◆ **Data for the task**:
*** Block opens ***
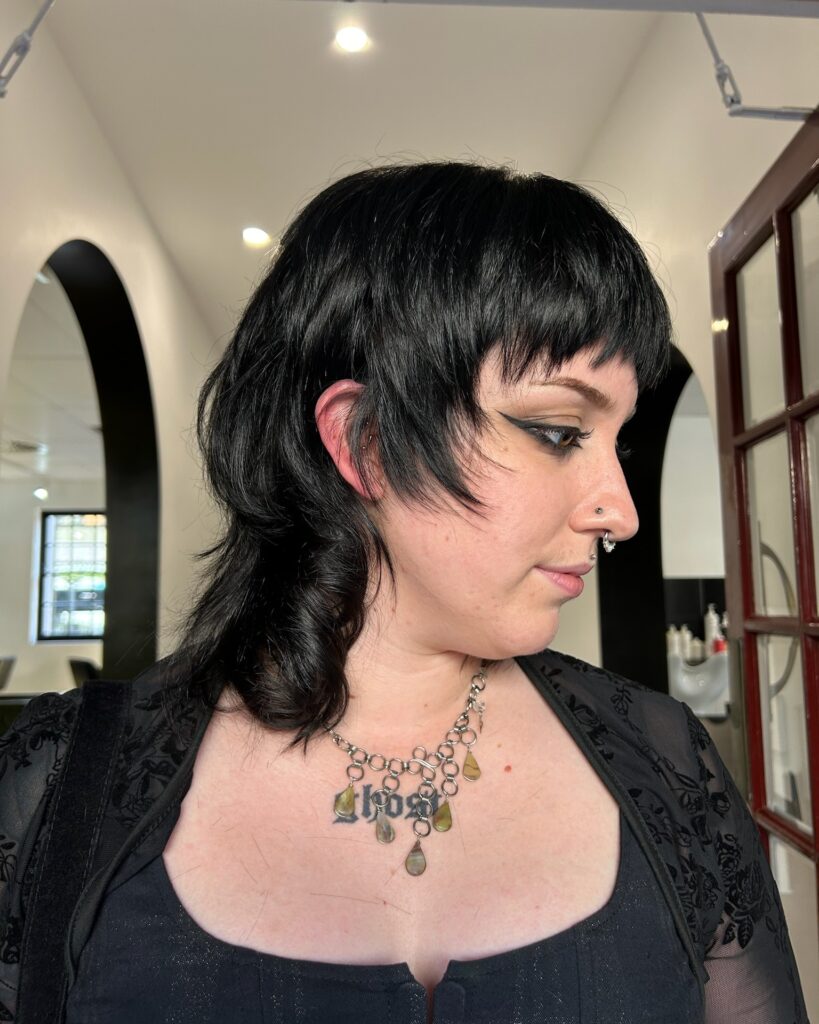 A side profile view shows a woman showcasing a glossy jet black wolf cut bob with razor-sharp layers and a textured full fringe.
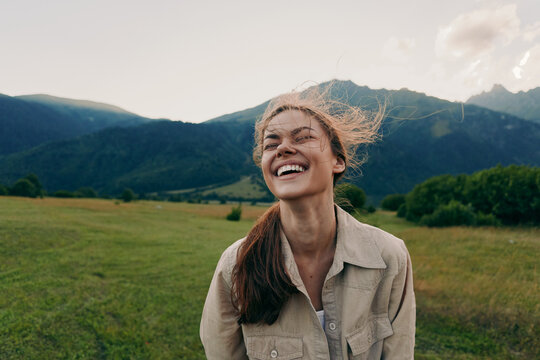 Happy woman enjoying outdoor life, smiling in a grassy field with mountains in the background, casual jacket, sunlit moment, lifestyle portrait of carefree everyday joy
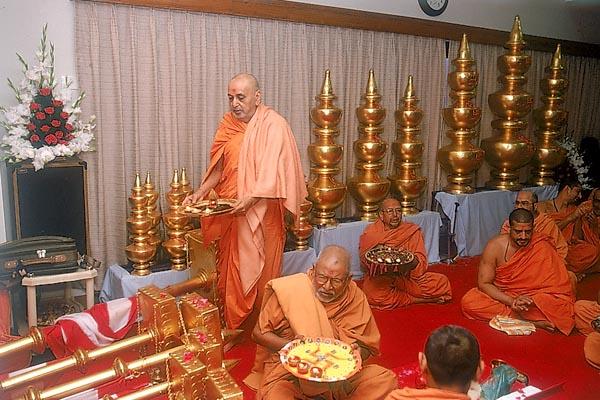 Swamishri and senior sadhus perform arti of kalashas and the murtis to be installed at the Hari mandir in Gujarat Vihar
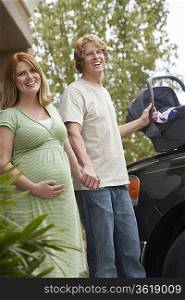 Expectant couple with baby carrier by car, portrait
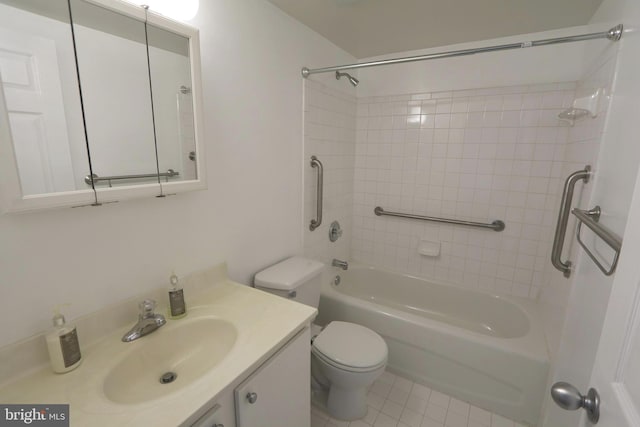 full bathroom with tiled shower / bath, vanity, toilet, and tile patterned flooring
*** Block closes ***
*** Block opens ***
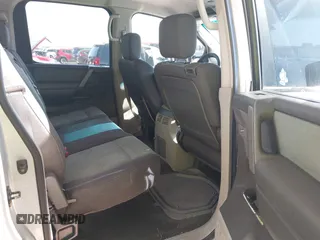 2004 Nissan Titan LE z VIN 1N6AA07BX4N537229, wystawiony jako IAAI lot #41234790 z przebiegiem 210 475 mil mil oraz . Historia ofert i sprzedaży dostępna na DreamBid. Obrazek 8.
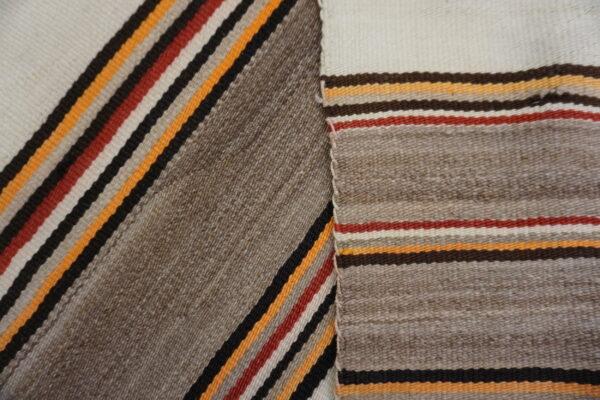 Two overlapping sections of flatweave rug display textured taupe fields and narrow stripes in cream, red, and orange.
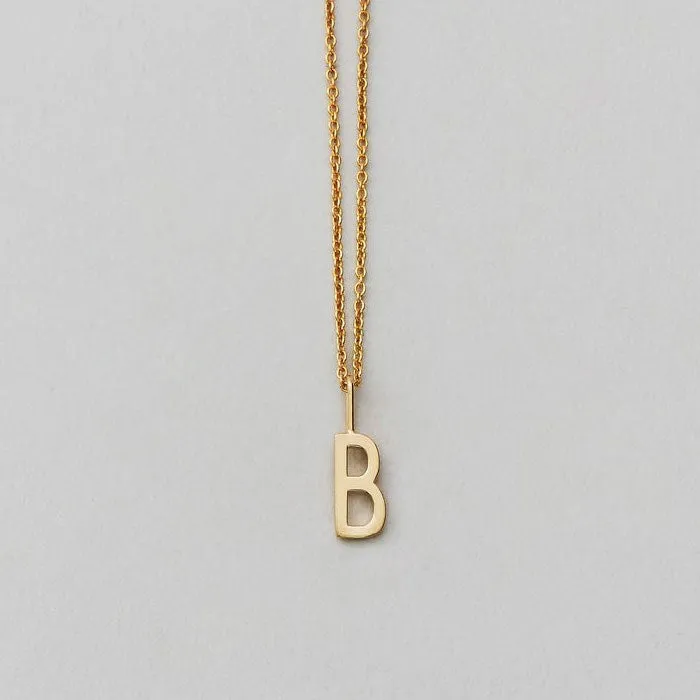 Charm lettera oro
*** Block closes ***
◆ **The task**:
Leaving out each picture, repeat exactly the lines above from the one that contains "Two overlapping sections" through the one that contains "Charm lettera oro".

◆ **Expected output**:
 Two overlapping sections of flatweave rug display textured taupe fields and narrow stripes in cream, red, and orange.
 Charm lettera oro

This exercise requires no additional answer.